What is expected:
The result should be the lines from the one holding "металеві 860*2050 см" to the end of the records below, repeated exactly. No pictures.

Source material:
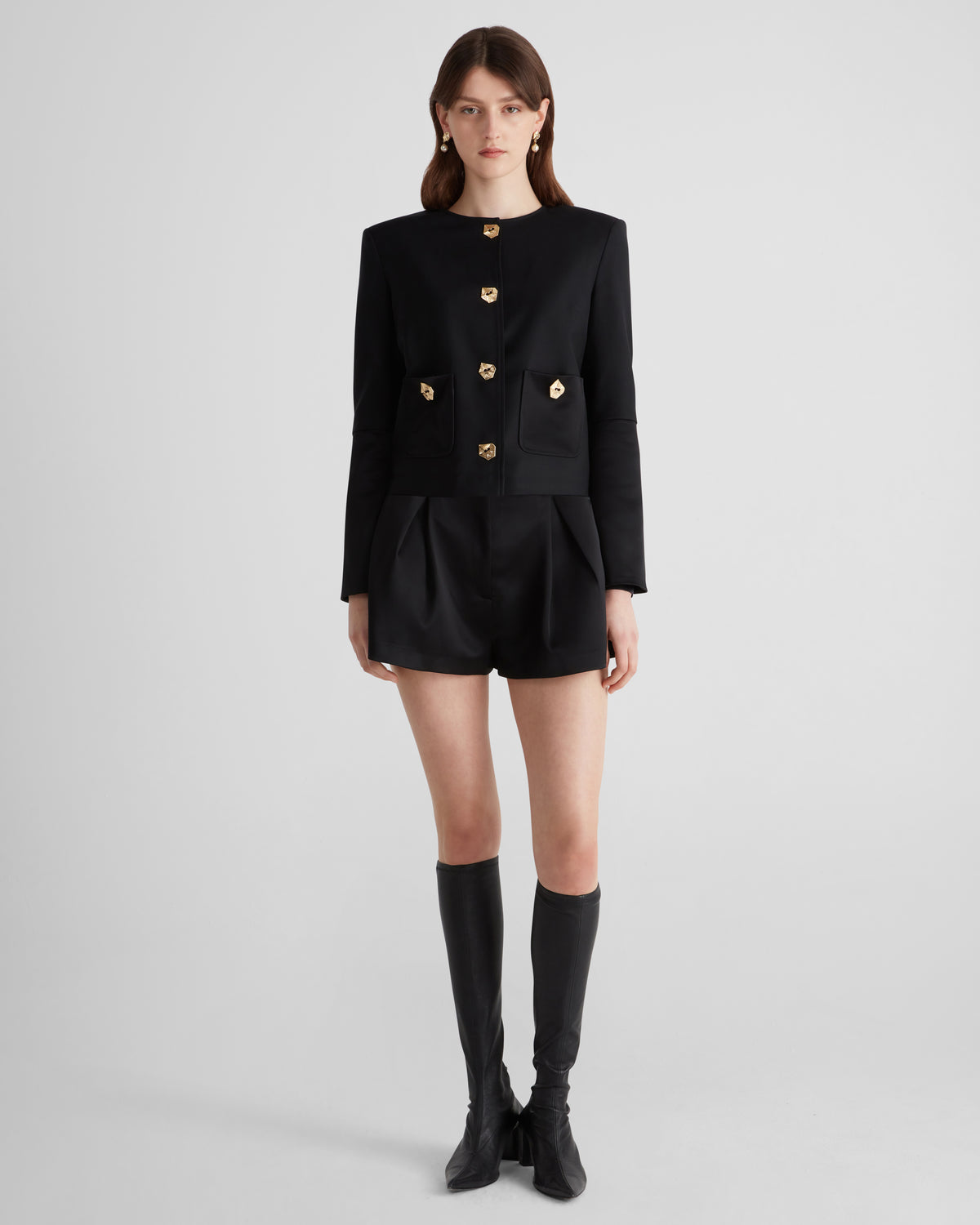 Kelly jacket in crepe wool with sculptural shoulders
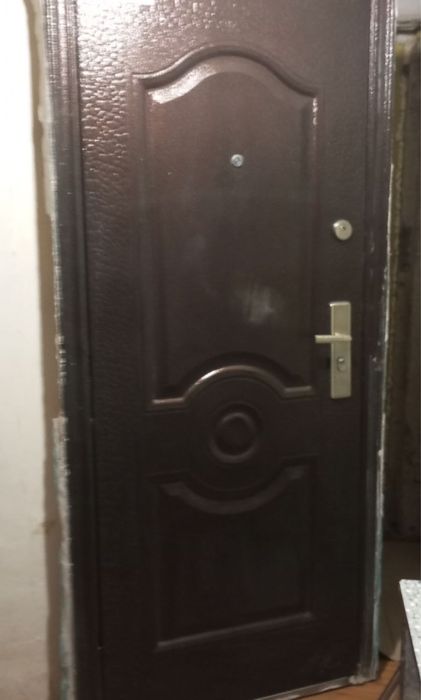 Двері вхідні  металеві 860*2050 см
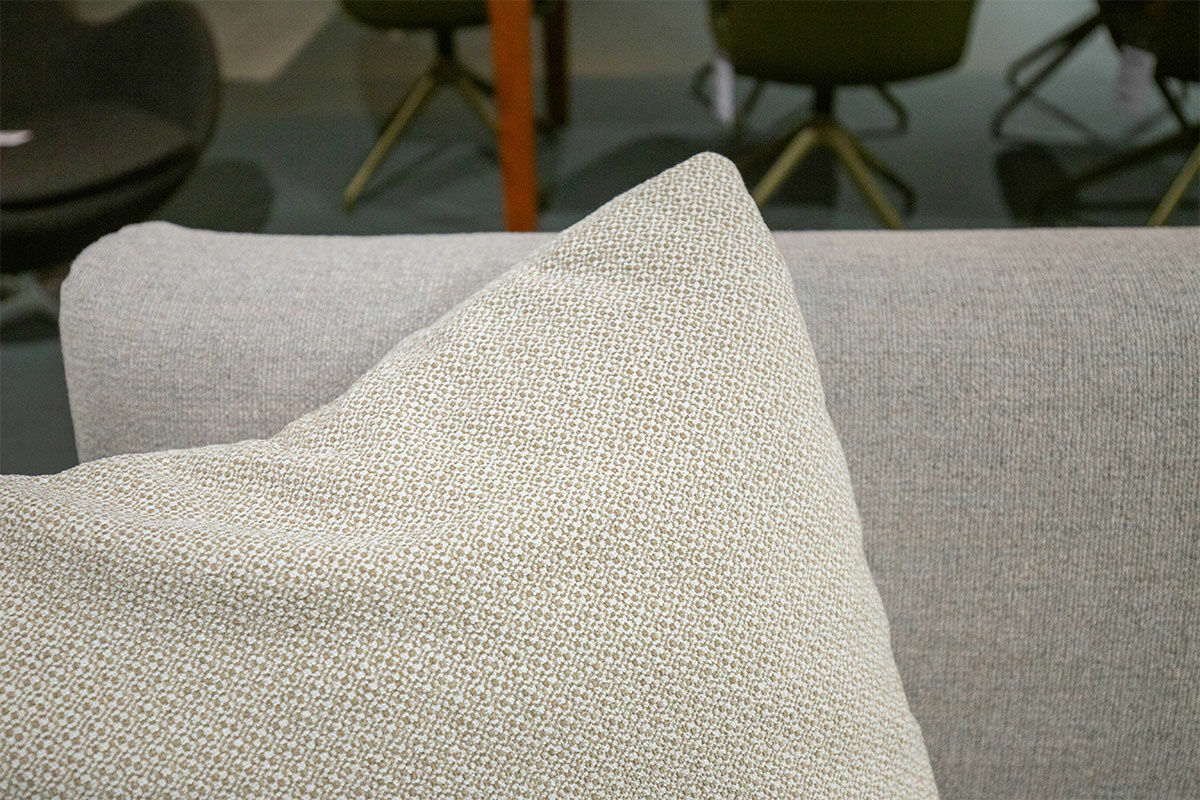 Rolf Benz - Ecksofa Cara Stoff 17.303 Silbergrau Gestell Verkehrsschwarz mit 3 Kissen - 4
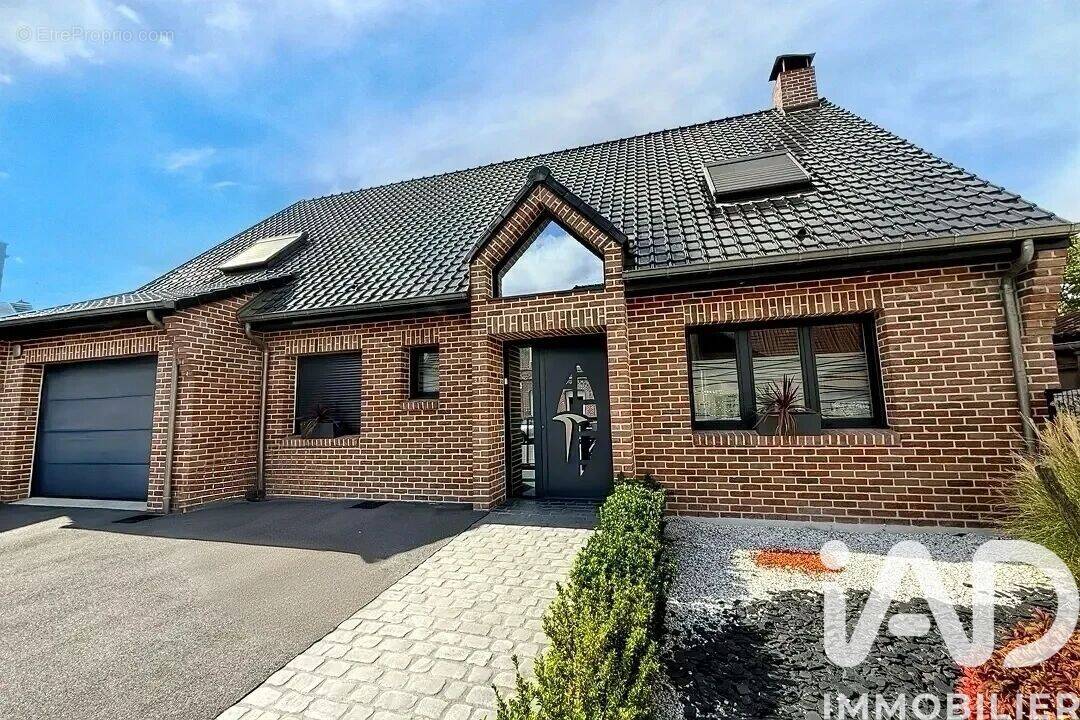 Photo 1 - Maison à ROOST-WARENDIN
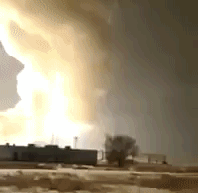 [ẢNH] Tên lửa S-300 của Nga rơi tự do sau khi phóng, gây vụ nổ lớn dưới đất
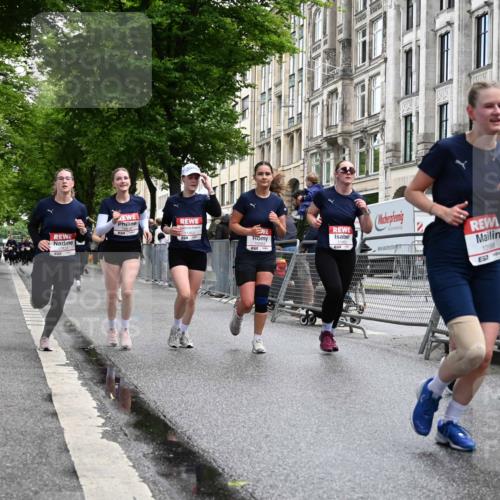 14.06.2026 - REWE Women's Run J. Mangold http://msf.ph/oto/9751511 14.06.2026 10:04:59 Ziel 10222, 10409, 10512, 10524, 10533, 10583, 10588, 10674, 10675, 10968, 11107, 11263, 11452, 11462 meine-sportfotos.de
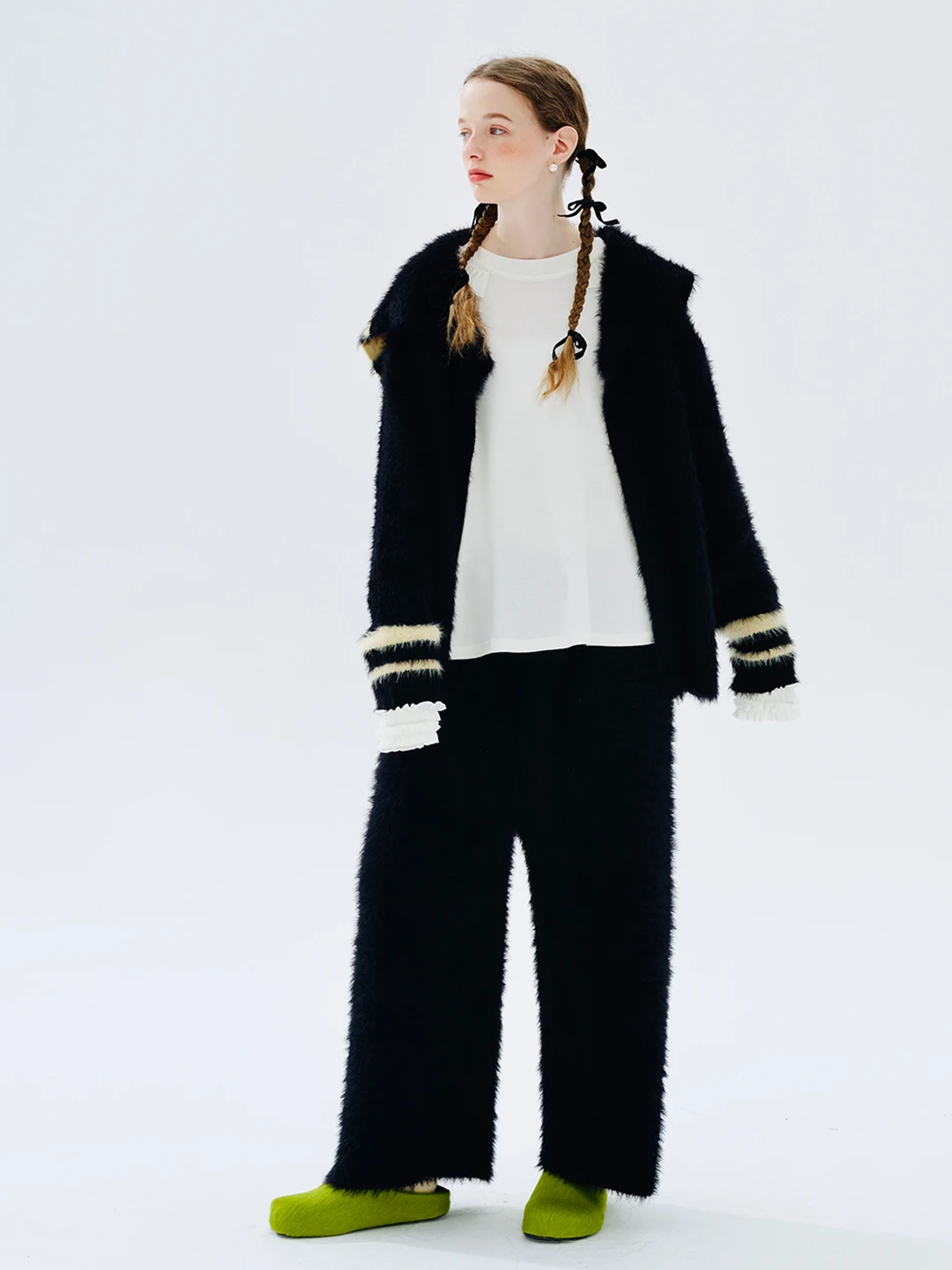 

IMAKOKONI Original Design Autumn and Winter Black Cardigan Long Sleeve Sweater Coat Women's 234352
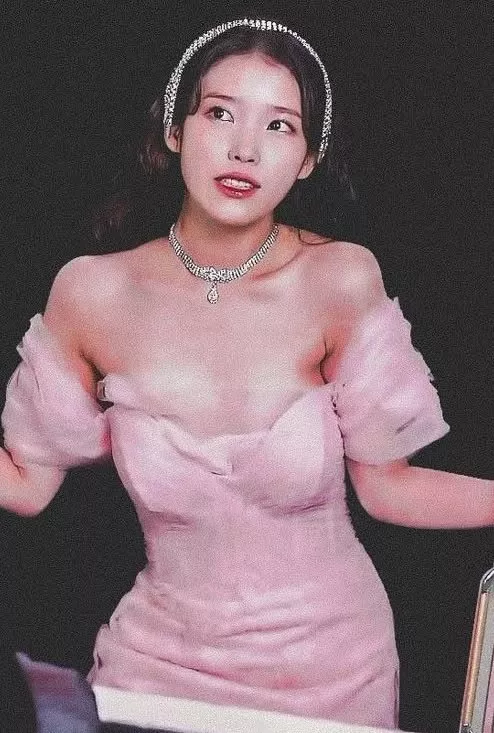 아이유 IU - 걸그룹 갤러리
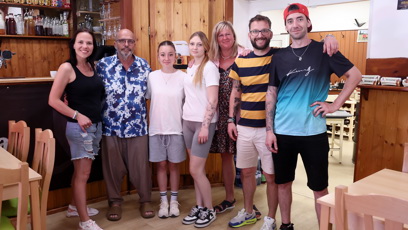 FOTO: Kuchaři a servírky v hospodě U Kaštanu.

Answer box:
 Двері вхідні  металеві 860*2050 см
 Rolf Benz - Ecksofa Cara Stoff 17.303 Silbergrau Gestell Verkehrsschwarz mit 3 Kissen - 4
 Photo 1 - Maison à ROOST-WARENDIN
 [ẢNH] Tên lửa S-300 của Nga rơi tự do sau khi phóng, gây vụ nổ lớn dưới đất
 14.06.2026 - REWE Women's Run J. Mangold http://msf.ph/oto/9751511 14.06.2026 10:04:59 Ziel 10222, 10409, 10512, 10524, 10533, 10583, 10588, 10674, 10675, 10968, 11107, 11263, 11452, 11462 meine-sportfotos.de

IMAKOKONI Original Design Autumn and Winter Black Cardigan Long Sleeve Sweater Coat Women's 234352
 아이유 IU - 걸그룹 갤러리
 FOTO: Kuchaři a servírky v hospodě U Kaštanu.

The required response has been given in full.